The flag of the hotel is critical to the revenue generated and the value of the hotel. For example, if a hotel changes its franchise affiliation and goes from a strong franchise to no franchise or to a weak franchise, the hotel may lose a portion of the revenue stream that might have come through a strong central reservation system and an array of amenities provided by the brand through what is commonly referred to as "centralized services". A hotel that is sold "encumbered" (in the language of hotel owners) or "enhanced" (in the language of hotel operators) by a strong flag may be valued much higher than an independent hotel or a hotel that is sold with a weak flag. Purchasers must consider that along with the physical structure of the hotel, comprised of the land and the building, they may also be purchasing the right to use the name of the hotel, and all the benefits and obligations that entails. Sellers must ponder the same consideration, along with one other. The potential that the hotel management agreement includes a right of first offer, right of first refusal or some other purchase right or option for the benefit of the hotel manager. Hotel seller's should not assume that the sale of the hotel can occur without the involvement of the hotel manager as a matter of right. If the seller does not have an asset manager that may be intimately familiar with the management agreement, the seller needs to check for purchase options as part of the initial selling strategy.

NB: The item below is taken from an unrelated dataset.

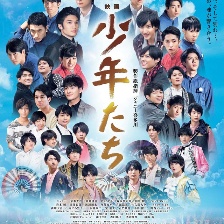 映畫 少年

This will play out in the negotiation of a purchase and sale agreement ("Agreement") through a clear understanding of the terms and conditions of the franchise agreement or management agreement, the ability to terminate that agreement, and the elements of the asset and the operations that are encompassed within such an agreement. Specifically, it is a common oversight to see an Agreement that defines the "Property" being sold and conveyed by the seller to include rights and duties relating to employees, permits and licenses, and marks and brands used in commerce to identify the hotel. With a "flag" in place, all of those rights are generally owned and controlled by the hotel operator and cannot be sold or conveyed by the seller. The hotel employees are often employed by the manager. The operating permits, particularly the liquor license, are often in the name of the manager. The proprietary marks are almost always the sole and exclusive property of the manager or its parent company. The lesson to be learned is assume nothing. The initial due diligence for both seller and purchaser should involve an assessment of who owns what and if and how it can be conveyed. This should come before the development team and the legal team spends too much time developing the checklist of what the seller is expected to sell under the Agreement. The seller may not actually own everything.